Le plus haut barrage d'Oman retient un réservoir turquoise qui serpente à travers un canyon de dattiers, à quarante minutes de Mascate et presque totalement ignoré.

J’avoue que je suis allé à Wadi Dayqah en m’attendant à être un peu déçu. Un barrage, ça sonne comme le contraire des canyons sauvages pour lesquels tout le monde vient à Oman, et j’en avais assez lu sur l’ingénierie — le plus haut d’Oman, construit pour protéger Quriyat du genre de crue éclair qui ravageait la route côtière tous les quelques années — pour supposer que le wadi lui-même aurait davantage l’air d’une infrastructure que d’une nature préservée. Lia m’a convaincu d’y aller quand même, à partir d’une seule photo qu’elle avait trouvée de la route du réservoir au coucher du soleil.

La Route le Long de l’Eau

La route depuis Mascate vers Quriyat traverse les hauteurs de Wadi Dayqah bien avant qu’on ne voie le barrage lui-même, la chaussée longeant un canyon où les montagnes du Hajar se resserrent et où des palmeraies de dattiers s’accrochent à chaque rebord offrant assez de terre pour tenir leurs racines. Puis la vallée s’ouvre et le réservoir apparaît en contrebas — un improbable ruban d’eau bleu-vert enroulé autour d’éperons rocheux, s’étirant plus loin qu’il ne semble possible pour un pays aussi aride. Nous nous sommes arrêtés à l’un des points de vue non balisés et avons simplement regardé un moment.

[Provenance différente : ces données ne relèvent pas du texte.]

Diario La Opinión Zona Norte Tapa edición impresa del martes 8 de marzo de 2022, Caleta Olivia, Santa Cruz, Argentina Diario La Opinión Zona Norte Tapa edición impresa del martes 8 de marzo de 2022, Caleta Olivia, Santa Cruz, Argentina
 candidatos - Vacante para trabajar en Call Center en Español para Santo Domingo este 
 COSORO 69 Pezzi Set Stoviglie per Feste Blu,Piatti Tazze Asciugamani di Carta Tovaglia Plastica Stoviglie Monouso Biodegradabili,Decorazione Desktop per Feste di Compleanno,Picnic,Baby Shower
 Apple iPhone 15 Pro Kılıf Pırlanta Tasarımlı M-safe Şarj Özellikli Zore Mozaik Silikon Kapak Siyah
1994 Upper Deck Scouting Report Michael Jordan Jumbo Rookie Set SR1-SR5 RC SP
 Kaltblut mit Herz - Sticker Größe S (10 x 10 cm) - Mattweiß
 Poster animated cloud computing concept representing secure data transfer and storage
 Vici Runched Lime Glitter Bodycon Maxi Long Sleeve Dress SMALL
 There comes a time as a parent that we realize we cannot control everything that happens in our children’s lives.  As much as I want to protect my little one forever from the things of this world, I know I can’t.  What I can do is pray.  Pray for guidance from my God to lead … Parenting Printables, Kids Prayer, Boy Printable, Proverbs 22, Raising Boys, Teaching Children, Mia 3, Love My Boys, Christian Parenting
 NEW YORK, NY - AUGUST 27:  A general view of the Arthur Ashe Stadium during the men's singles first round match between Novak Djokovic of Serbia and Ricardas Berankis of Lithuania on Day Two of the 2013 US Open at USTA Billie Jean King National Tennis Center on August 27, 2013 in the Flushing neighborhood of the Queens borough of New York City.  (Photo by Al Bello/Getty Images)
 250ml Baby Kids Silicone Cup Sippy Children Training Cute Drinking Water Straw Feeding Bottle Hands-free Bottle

Une route sinueuse du canyon surplombant les eaux turquoise du réservoir de Wadi Dayqah, Oman

Le barrage lui-même, une fois qu’on l’atteint, est une véritable prouesse d’ingénierie — plus de 100 mètres de béton incurvé retenant un lac qui a remodelé tout le wadi inférieur. Mais ce qui m’a conquis, ce n’est pas la structure. C’est la façon dont le canyon inondé a créé des dizaines de criques tranquilles le long de ses bords, chacune bordée de palmiers qui devaient précéder le barrage de plusieurs décennies, leurs troncs se dressant désormais au bord de l’eau comme s’ils avaient simplement accepté ce nouvel arrangement.

Des Villages sur la Rive

En contrebas du mur du barrage, les anciens villages de Wadi Dayqah fonctionnent encore largement comme avant l’existence du réservoir — des canaux falaj détournant l’eau vers des champs en terrasses, des chèvres se déplaçant sur des sentiers taillés dans la roche, l’appel à la prière occasionnel roulant le long des parois du canyon et mettant quelques secondes de plus à nous parvenir. Nous nous sommes arrêtés dans un village pour des dattes et un café omanais servis par un homme qui avait vécu la construction du barrage et avait des opinions à ce sujet, qu’il a partagées longuement, surtout favorables, surtout sur la façon dont les inondations en aval avaient enfin cessé de ruiner la récolte des dattes.

Un village bordé de palmiers en contrebas du barrage de Wadi Dayqah, avec des champs en terrasses alimentés par un ancien canal de falaj

Nous sommes partis alors que la lumière dorait sur l’eau, tout le réservoir prenant la couleur du laiton martelé, et je me souviens avoir pensé que c’était l’une des rares fois où un ouvrage de génie civil avait rendu un paysage plus photogénique plutôt que moins.

Quand y aller : De novembre à avril, et idéalement en fin d’après-midi pour la lumière sur l’eau. La route du réservoir offre peu d’ombre, évitez donc les visites de milieu de journée pendant les mois les plus chauds.